- _Task prompt_: Exactly reproduce the entries, dropping any pictures from your copy.

+++ Listed records

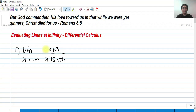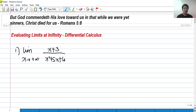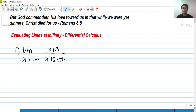Hi! So for today, we're going to talk about evaluating limits at infinity. This is still a part of a differential calculus video. And for today's video, we're going to solve some problems evaluating limits at infinity. So let's get started.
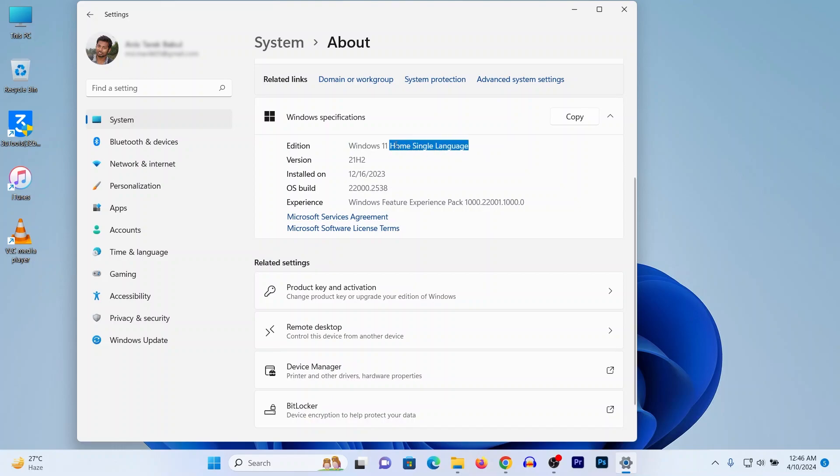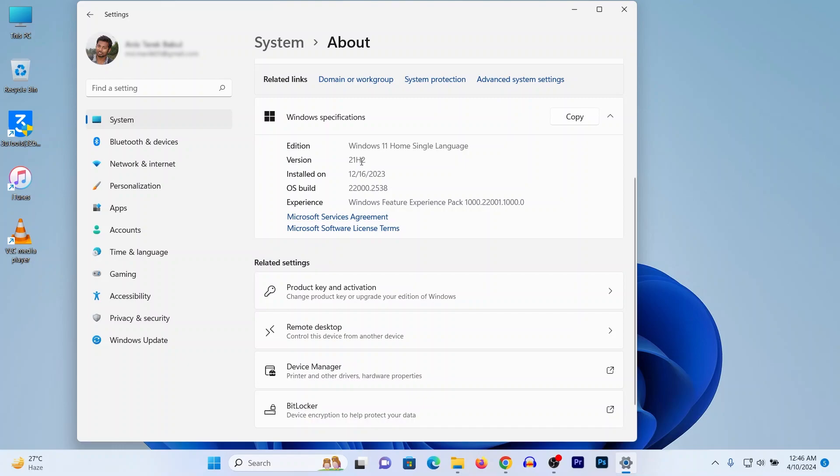So if you are using Windows 10 or Windows 11 Pro or 10 Pro it will show here. Also showing version number, currently I'm using 21H2, and the install date and OS build. So that way you can check Windows version on laptop.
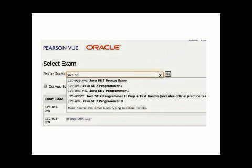Now enter the nearby place for the test center in the search box. Select the test center and click next. Then select the date and time on which you will write your exam. Check the information again — confirm the date and time — and then click on 'Proceed to Checkout.'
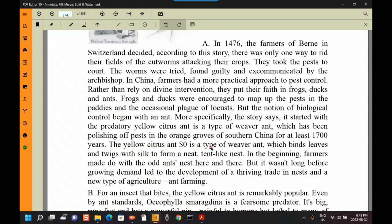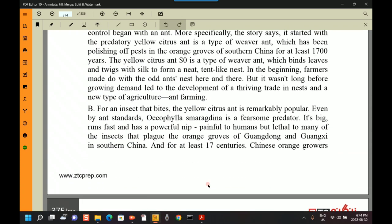The yellow citrus ant is a type of weaver ant which binds leaves and twigs with silk to form a neat tent-like nest. In the beginning, farmers made do with the odd ant's nest here and there, but it wasn't long before growing demand led to the development of a thriving trade in nests and a new type of ant agriculture. This ant farming became very popular in China.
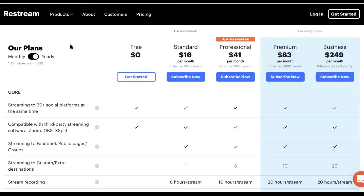Let's go and take a look. Over here on Restream, as you can see, there are multiple plans to suit any user. Depending on how many channels you want to live stream your Pivo to will depend on the plan. Go ahead and sign up for one of those and I will see you inside the Restream dashboard.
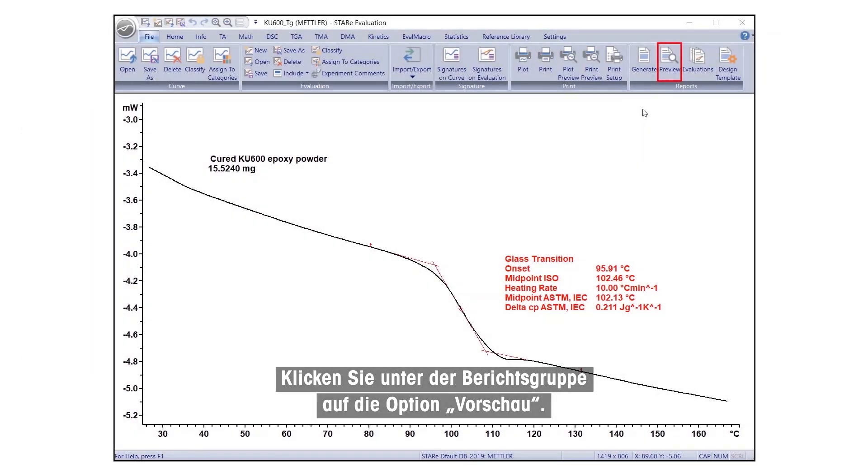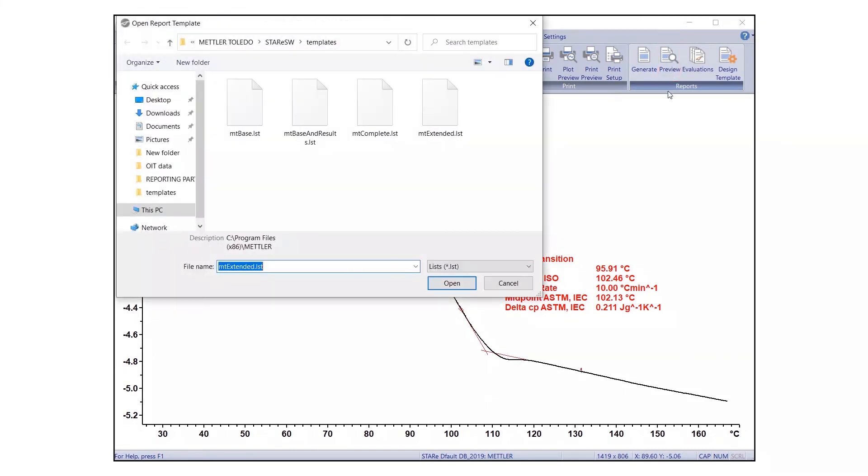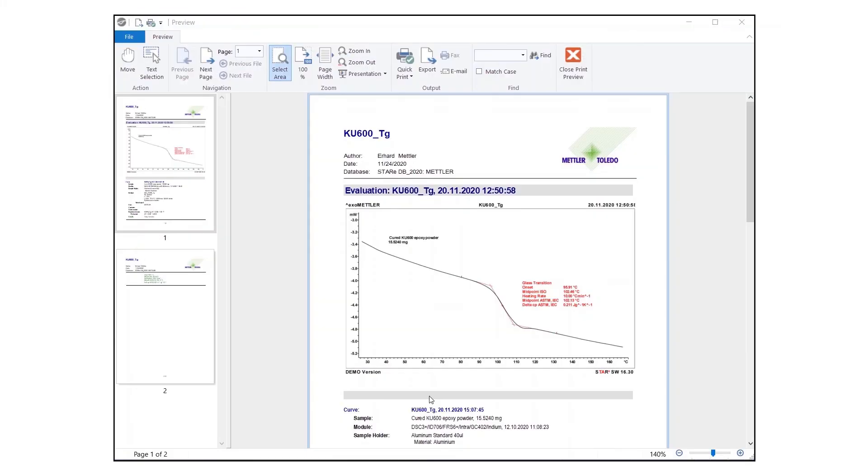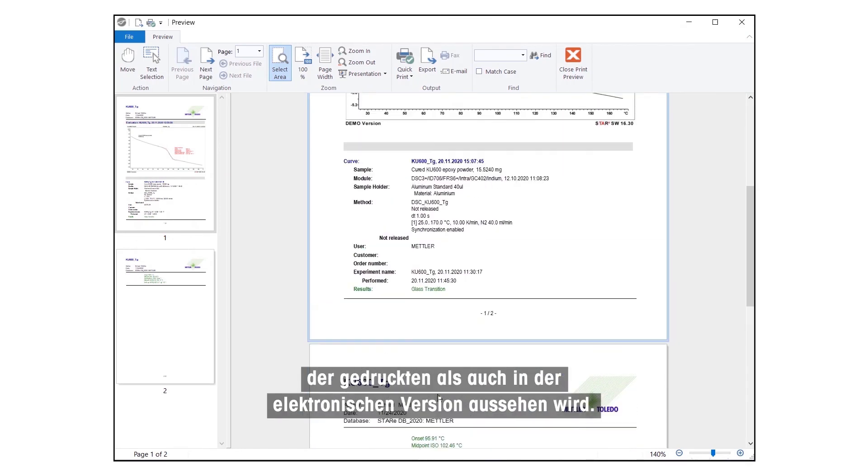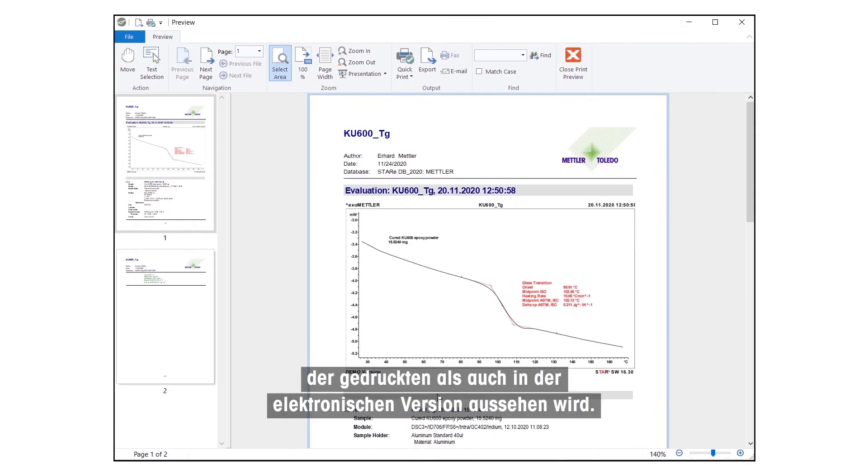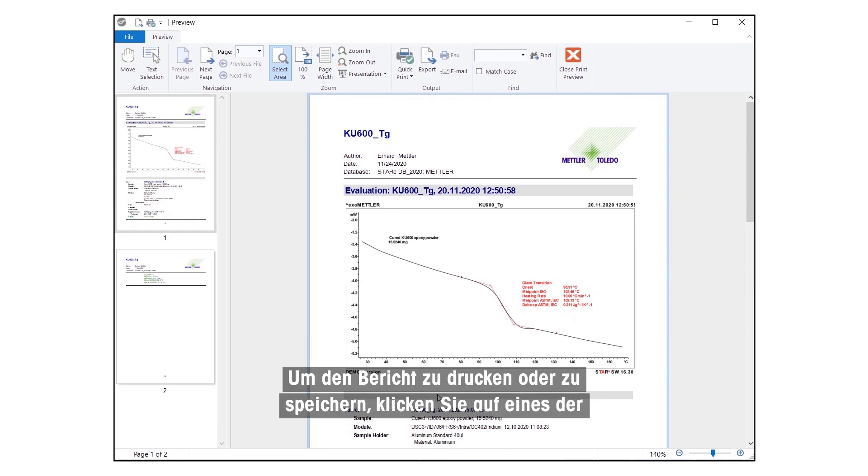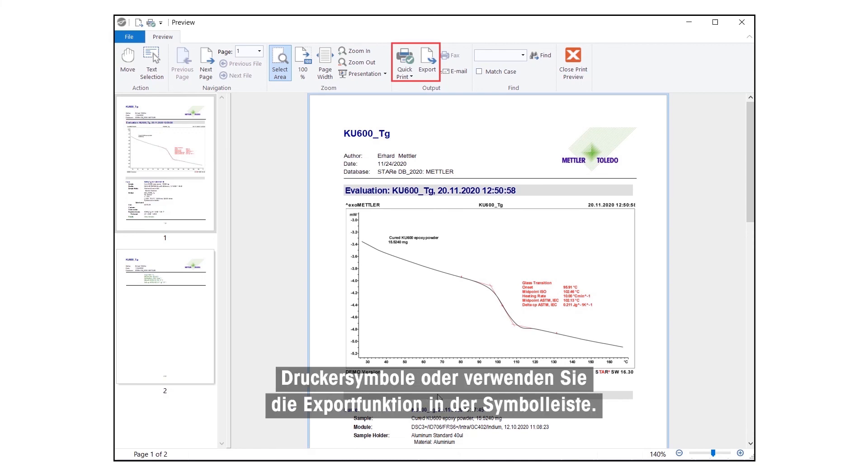Under the Reports group, click on the Preview option. The report is displayed in the Preview window, as it will appear both in the printout and electronic version. To print or save the report, click one of the printer symbols or use the Export feature located in the toolbar.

++++++

- _Task result_:
Hi! So for today, we're going to talk about evaluating limits at infinity. This is still a part of a differential calculus video. And for today's video, we're going to solve some problems evaluating limits at infinity. So let's get started.
So if you are using Windows 10 or Windows 11 Pro or 10 Pro it will show here. Also showing version number, currently I'm using 21H2, and the install date and OS build. So that way you can check Windows version on laptop.
Now enter the nearby place for the test center in the search box. Select the test center and click next. Then select the date and time on which you will write your exam. Check the information again — confirm the date and time — and then click on 'Proceed to Checkout.'
The yellow citrus ant is a type of weaver ant which binds leaves and twigs with silk to form a neat tent-like nest. In the beginning, farmers made do with the odd ant's nest here and there, but it wasn't long before growing demand led to the development of a thriving trade in nests and a new type of ant agriculture. This ant farming became very popular in China.
Let's go and take a look. Over here on Restream, as you can see, there are multiple plans to suit any user. Depending on how many channels you want to live stream your Pivo to will depend on the plan. Go ahead and sign up for one of those and I will see you inside the Restream dashboard.
Under the Reports group, click on the Preview option. The report is displayed in the Preview window, as it will appear both in the printout and electronic version. To print or save the report, click one of the printer symbols or use the Export feature located in the toolbar.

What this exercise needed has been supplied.